Twenty-four people from a single family died yesterday when
a pick-up truck overturned in Marib province, Yemen.
Traffic accidents in Yemen (population 23m+) cost around 3,000 lives a year, according to official figures. This is probably not far off the death rate in the recent Houthi war – the main difference being that on the roads people are not actually trying to kill each other.
The figure for Saudi Arabia (pop 28m+) is even higher: 6,000 a year. More than a third of the kingdom's road accidents are said to be caused by people driving through red lights.
For comparison, Britain (pop 61m+) had just over 2,500 road deaths in 2008. This was the lowest figure on record and it continued a steady decline in casualties since the 1960s.

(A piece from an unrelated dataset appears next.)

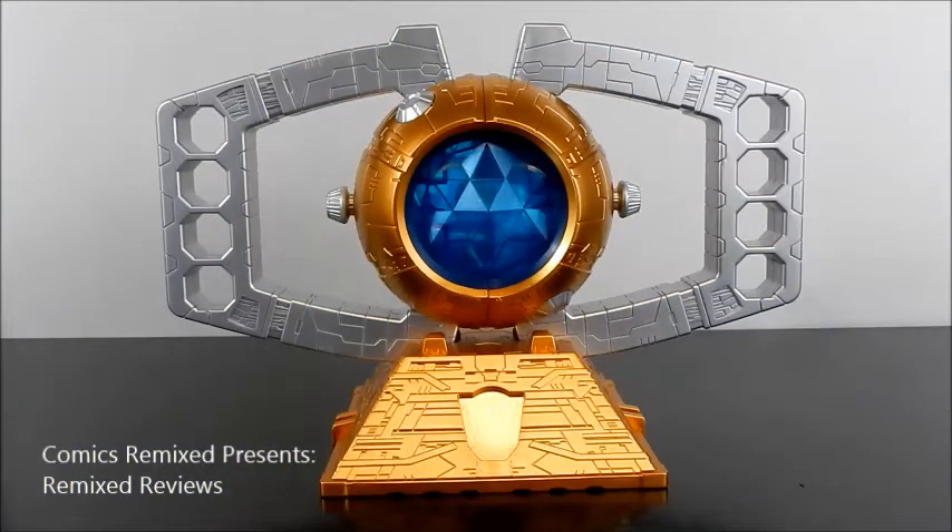I definitely recommend this figure, especially if you're a Transformers fan. This is a great piece to have — it goes well next to any kind of Transformer, whether it's Voyager, Masterpiece, or G1. Just a great looking piece and it's affordable. Go to eBay, look for New Junkie on Blacksmith, and you'll find maybe a couple of stores. I wouldn't pay more than $100 with shipping. If you like what you see, please hit the like button and leave your comments below. For everything comics, remix, and Remix Reviews related, please visit us at www.comicsremix.com. See you soon — peace.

Of course, there are a lot of factors to be taken into account when making such comparisons. Yemen's precipitous mountain roads are an obvious one, plus poverty – which results in badly maintained vehicles – and police who take bribes for allowing dangerous drivers and unroadworthy vehicles to continue on their way.
Also, governments in the Middle East rarely take an interest in public safety unless they are embarrassed into doing so (therecent crackdown on dangerous ships in the Red Sea being a possible exception).
Overlying all that, though, is a general sense of fatalism: that the lives of travellers are in the hands of God rather than humans.
Posted by Brian Whitaker, 23 April 2010.